--- SUPPLIED DATA ---

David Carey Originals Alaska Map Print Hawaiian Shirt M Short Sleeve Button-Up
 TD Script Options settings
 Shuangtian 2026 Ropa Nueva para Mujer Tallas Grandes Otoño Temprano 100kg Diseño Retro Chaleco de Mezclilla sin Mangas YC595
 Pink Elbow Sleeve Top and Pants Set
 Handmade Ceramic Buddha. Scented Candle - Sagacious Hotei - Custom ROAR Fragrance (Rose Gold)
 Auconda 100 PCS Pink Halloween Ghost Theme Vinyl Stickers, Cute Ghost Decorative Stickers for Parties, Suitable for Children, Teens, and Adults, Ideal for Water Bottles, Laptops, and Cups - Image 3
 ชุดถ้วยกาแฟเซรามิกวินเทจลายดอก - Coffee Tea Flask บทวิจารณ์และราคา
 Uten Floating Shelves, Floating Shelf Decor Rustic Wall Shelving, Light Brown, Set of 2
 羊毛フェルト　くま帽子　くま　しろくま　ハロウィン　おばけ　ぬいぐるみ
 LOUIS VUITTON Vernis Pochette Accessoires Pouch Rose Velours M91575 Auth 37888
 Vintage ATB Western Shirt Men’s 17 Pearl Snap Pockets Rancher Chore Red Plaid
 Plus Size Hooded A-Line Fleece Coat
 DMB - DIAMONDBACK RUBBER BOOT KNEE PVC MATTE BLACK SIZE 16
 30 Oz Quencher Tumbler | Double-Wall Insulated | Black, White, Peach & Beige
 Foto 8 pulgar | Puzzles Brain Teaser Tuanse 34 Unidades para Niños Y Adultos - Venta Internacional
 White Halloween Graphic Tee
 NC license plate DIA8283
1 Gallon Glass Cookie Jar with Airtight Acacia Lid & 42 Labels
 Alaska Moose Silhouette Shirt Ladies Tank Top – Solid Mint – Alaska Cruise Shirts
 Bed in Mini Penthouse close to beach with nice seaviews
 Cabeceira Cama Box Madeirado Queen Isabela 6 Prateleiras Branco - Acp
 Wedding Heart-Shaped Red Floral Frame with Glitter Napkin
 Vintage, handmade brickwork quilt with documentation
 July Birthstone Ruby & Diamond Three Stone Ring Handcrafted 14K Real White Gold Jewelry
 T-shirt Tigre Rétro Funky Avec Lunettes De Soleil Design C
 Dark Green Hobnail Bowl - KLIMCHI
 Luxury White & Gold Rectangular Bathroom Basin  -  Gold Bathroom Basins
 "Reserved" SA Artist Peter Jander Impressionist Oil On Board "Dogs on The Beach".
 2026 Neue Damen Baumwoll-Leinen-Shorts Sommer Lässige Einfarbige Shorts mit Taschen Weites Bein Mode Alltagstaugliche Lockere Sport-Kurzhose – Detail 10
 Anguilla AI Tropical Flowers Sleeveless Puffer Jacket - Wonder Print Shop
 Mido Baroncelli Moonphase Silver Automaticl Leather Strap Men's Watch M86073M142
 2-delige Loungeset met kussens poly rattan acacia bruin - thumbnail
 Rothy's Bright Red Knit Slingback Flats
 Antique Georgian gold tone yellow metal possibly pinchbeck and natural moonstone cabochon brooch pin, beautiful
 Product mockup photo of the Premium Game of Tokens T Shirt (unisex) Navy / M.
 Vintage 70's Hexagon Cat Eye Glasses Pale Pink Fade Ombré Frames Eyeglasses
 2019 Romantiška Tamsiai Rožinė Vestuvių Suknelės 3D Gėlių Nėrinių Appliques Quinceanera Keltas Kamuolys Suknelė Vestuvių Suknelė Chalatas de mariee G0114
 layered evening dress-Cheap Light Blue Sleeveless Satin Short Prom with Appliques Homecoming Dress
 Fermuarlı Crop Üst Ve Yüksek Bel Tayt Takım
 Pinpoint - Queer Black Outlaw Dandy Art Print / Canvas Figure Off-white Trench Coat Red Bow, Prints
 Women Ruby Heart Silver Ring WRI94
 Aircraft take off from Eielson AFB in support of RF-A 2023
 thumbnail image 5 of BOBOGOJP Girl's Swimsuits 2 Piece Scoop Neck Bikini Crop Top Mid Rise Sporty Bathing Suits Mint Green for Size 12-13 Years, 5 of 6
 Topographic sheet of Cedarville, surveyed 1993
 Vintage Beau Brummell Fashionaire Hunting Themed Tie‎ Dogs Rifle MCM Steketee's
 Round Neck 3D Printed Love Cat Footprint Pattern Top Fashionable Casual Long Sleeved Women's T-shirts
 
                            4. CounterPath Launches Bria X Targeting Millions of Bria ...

---

Output the records exactly.

§ **EXERCISE RESULT**:
David Carey Originals Alaska Map Print Hawaiian Shirt M Short Sleeve Button-Up
 TD Script Options settings
 Shuangtian 2026 Ropa Nueva para Mujer Tallas Grandes Otoño Temprano 100kg Diseño Retro Chaleco de Mezclilla sin Mangas YC595
 Pink Elbow Sleeve Top and Pants Set
 Handmade Ceramic Buddha. Scented Candle - Sagacious Hotei - Custom ROAR Fragrance (Rose Gold)
 Auconda 100 PCS Pink Halloween Ghost Theme Vinyl Stickers, Cute Ghost Decorative Stickers for Parties, Suitable for Children, Teens, and Adults, Ideal for Water Bottles, Laptops, and Cups - Image 3
 ชุดถ้วยกาแฟเซรามิกวินเทจลายดอก - Coffee Tea Flask บทวิจารณ์และราคา
 Uten Floating Shelves, Floating Shelf Decor Rustic Wall Shelving, Light Brown, Set of 2
 羊毛フェルト　くま帽子　くま　しろくま　ハロウィン　おばけ　ぬいぐるみ
 LOUIS VUITTON Vernis Pochette Accessoires Pouch Rose Velours M91575 Auth 37888
 Vintage ATB Western Shirt Men’s 17 Pearl Snap Pockets Rancher Chore Red Plaid
 Plus Size Hooded A-Line Fleece Coat
 DMB - DIAMONDBACK RUBBER BOOT KNEE PVC MATTE BLACK SIZE 16
 30 Oz Quencher Tumbler | Double-Wall Insulated | Black, White, Peach & Beige
 Foto 8 pulgar | Puzzles Brain Teaser Tuanse 34 Unidades para Niños Y Adultos - Venta Internacional
 White Halloween Graphic Tee
 NC license plate DIA8283
1 Gallon Glass Cookie Jar with Airtight Acacia Lid & 42 Labels
 Alaska Moose Silhouette Shirt Ladies Tank Top – Solid Mint – Alaska Cruise Shirts
 Bed in Mini Penthouse close to beach with nice seaviews
 Cabeceira Cama Box Madeirado Queen Isabela 6 Prateleiras Branco - Acp
 Wedding Heart-Shaped Red Floral Frame with Glitter Napkin
 Vintage, handmade brickwork quilt with documentation
 July Birthstone Ruby & Diamond Three Stone Ring Handcrafted 14K Real White Gold Jewelry
 T-shirt Tigre Rétro Funky Avec Lunettes De Soleil Design C
 Dark Green Hobnail Bowl - KLIMCHI
 Luxury White & Gold Rectangular Bathroom Basin  -  Gold Bathroom Basins
 "Reserved" SA Artist Peter Jander Impressionist Oil On Board "Dogs on The Beach".
 2026 Neue Damen Baumwoll-Leinen-Shorts Sommer Lässige Einfarbige Shorts mit Taschen Weites Bein Mode Alltagstaugliche Lockere Sport-Kurzhose – Detail 10
 Anguilla AI Tropical Flowers Sleeveless Puffer Jacket - Wonder Print Shop
 Mido Baroncelli Moonphase Silver Automaticl Leather Strap Men's Watch M86073M142
 2-delige Loungeset met kussens poly rattan acacia bruin - thumbnail
 Rothy's Bright Red Knit Slingback Flats
 Antique Georgian gold tone yellow metal possibly pinchbeck and natural moonstone cabochon brooch pin, beautiful
 Product mockup photo of the Premium Game of Tokens T Shirt (unisex) Navy / M.
 Vintage 70's Hexagon Cat Eye Glasses Pale Pink Fade Ombré Frames Eyeglasses
 2019 Romantiška Tamsiai Rožinė Vestuvių Suknelės 3D Gėlių Nėrinių Appliques Quinceanera Keltas Kamuolys Suknelė Vestuvių Suknelė Chalatas de mariee G0114
 layered evening dress-Cheap Light Blue Sleeveless Satin Short Prom with Appliques Homecoming Dress
 Fermuarlı Crop Üst Ve Yüksek Bel Tayt Takım
 Pinpoint - Queer Black Outlaw Dandy Art Print / Canvas Figure Off-white Trench Coat Red Bow, Prints
 Women Ruby Heart Silver Ring WRI94
 Aircraft take off from Eielson AFB in support of RF-A 2023
 thumbnail image 5 of BOBOGOJP Girl's Swimsuits 2 Piece Scoop Neck Bikini Crop Top Mid Rise Sporty Bathing Suits Mint Green for Size 12-13 Years, 5 of 6
 Topographic sheet of Cedarville, surveyed 1993
 Vintage Beau Brummell Fashionaire Hunting Themed Tie‎ Dogs Rifle MCM Steketee's
 Round Neck 3D Printed Love Cat Footprint Pattern Top Fashionable Casual Long Sleeved Women's T-shirts
 
                            4. CounterPath Launches Bria X Targeting Millions of Bria ...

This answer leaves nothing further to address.